• ASSIGNED TASK: Write out the data exactly, please, and omit the pictures.

• INFORMATION PROVIDED:
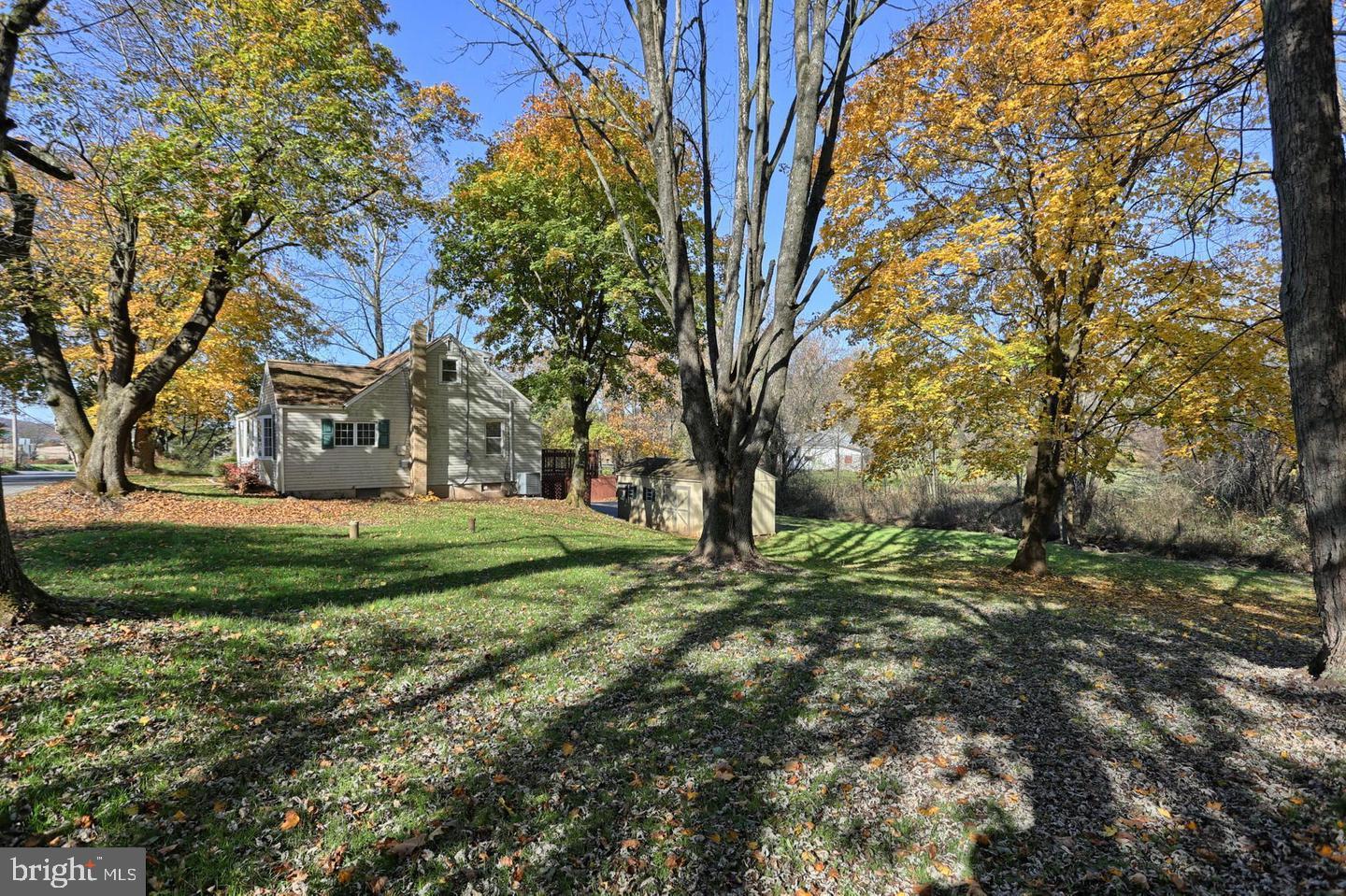 3319 Roundtop Road Hershey, PA 17033 - Photo 4 of 43 Gallery Image 4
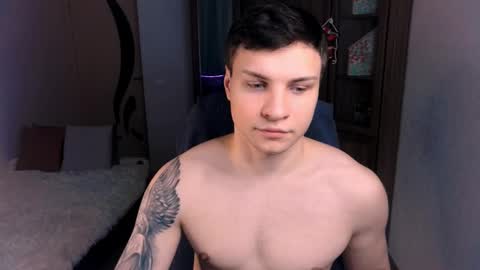 Snapshot of alex_milson chatting on December 15, 11:31 pm alex_milson online show from December 15, 11:31 pm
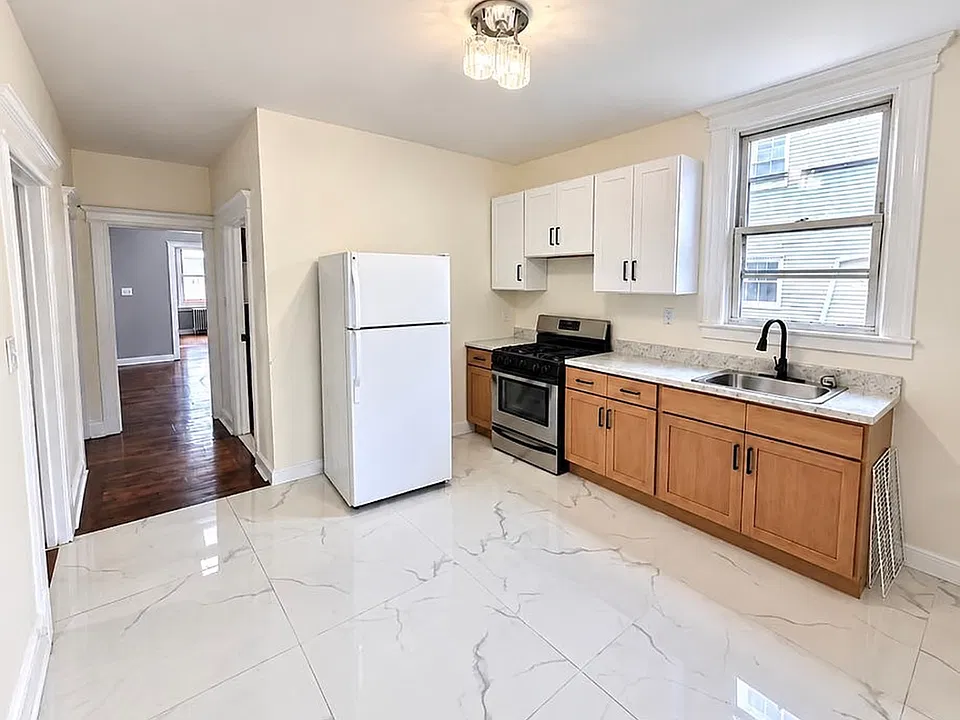 34-35 Howard St #3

• ANSWER FOR THE TASK:
 3319 Roundtop Road Hershey, PA 17033 - Photo 4 of 43 Gallery Image 4
 Snapshot of alex_milson chatting on December 15, 11:31 pm alex_milson online show from December 15, 11:31 pm
 34-35 Howard St #3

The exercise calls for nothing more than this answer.